Sanders v. Ryles, 318 Ark. 418, 885 S.W.2d 888 (1994)

Oct. 31, 1994 · Arkansas Supreme Court · 93-964
318 Ark. 418, 885 S.W.2d 888

James SANDERS, as Personal Representative of the Estate of Dora E. Ford v. John RYLES, et al.

93-964

885 S.W.2d 888

Supreme Court of Arkansas

Opinion delivered October 31, 1994

*419 Price & Basham, by; Carey E. Basham, for appellant.

Dodds, Kidd, Ryan & Moore, for appellee.

Jack Holt, Jr., Chief Justice.

Appellant, James Sanders, as personal representative of the estate of Dora E. Ford, appeals from an order of the Pulaski County Chancery Court quieting title to property in the appellee, John Ryles, claiming that Ryles’s deed from the Commissioner of State Lands (“Commissioner”) was not valid because the Commissioner did not provide notice to the true owners of the property (the estate), as required by statute and that the deed of sale should be declared null and void.

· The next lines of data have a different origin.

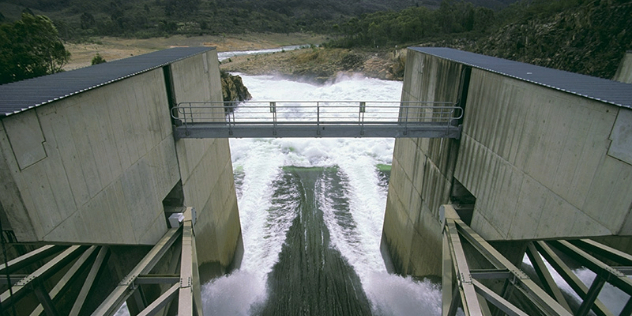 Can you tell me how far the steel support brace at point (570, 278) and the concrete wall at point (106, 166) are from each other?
10274 mm

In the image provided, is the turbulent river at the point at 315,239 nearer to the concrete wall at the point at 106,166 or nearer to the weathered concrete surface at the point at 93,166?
the concrete wall at the point at 106,166

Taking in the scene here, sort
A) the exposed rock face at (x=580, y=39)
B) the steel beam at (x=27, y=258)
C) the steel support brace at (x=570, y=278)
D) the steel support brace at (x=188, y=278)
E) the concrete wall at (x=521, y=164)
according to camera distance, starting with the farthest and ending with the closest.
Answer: the exposed rock face at (x=580, y=39) < the steel support brace at (x=570, y=278) < the steel beam at (x=27, y=258) < the steel support brace at (x=188, y=278) < the concrete wall at (x=521, y=164)

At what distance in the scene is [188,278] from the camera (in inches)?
314

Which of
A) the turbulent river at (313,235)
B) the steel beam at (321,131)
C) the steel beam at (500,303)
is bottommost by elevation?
the turbulent river at (313,235)

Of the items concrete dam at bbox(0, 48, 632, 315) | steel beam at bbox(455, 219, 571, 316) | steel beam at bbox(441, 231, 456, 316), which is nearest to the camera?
concrete dam at bbox(0, 48, 632, 315)

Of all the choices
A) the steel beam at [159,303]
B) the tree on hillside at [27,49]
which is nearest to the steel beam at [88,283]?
the steel beam at [159,303]

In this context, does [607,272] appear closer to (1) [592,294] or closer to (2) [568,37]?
(1) [592,294]

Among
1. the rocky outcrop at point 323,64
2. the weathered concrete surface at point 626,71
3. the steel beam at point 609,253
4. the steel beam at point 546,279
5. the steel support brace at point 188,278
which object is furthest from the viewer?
the rocky outcrop at point 323,64

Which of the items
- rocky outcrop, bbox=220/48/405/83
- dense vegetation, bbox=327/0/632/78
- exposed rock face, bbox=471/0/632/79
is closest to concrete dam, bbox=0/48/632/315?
exposed rock face, bbox=471/0/632/79

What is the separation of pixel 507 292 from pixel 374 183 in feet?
45.2

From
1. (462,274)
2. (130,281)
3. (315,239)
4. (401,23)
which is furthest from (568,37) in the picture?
(401,23)

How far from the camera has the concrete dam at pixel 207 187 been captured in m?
5.68

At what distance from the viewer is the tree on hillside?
24031 mm

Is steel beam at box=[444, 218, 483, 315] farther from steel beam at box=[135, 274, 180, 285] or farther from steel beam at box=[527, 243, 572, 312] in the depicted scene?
steel beam at box=[135, 274, 180, 285]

We accept jurisdiction of this appeal on transfer from the Arkansas Court of Appeals as it involves the interpretation of Ark. Code Ann. § 26-37-201(c) (1987), relating to notice requirements for the sale of tax delinquent property.

*420At the time of her death in 1987, Dora Ford owned her residence located at 1412 Battery Street in Little Rock. On April 4, 1988, the Pulaski County Probate Court admitted Ms. Ford’s will to probate and appointed Clarence Cash executor of her estate, who was later succeeded by the appellant, James Sanders. On December 8, 1989, her residence was certified to the Commissioner for forfeiture and sale because of delinquent taxes for 1986. Thereafter, the land was sold by the Commissioner to the appellee, John Ryles.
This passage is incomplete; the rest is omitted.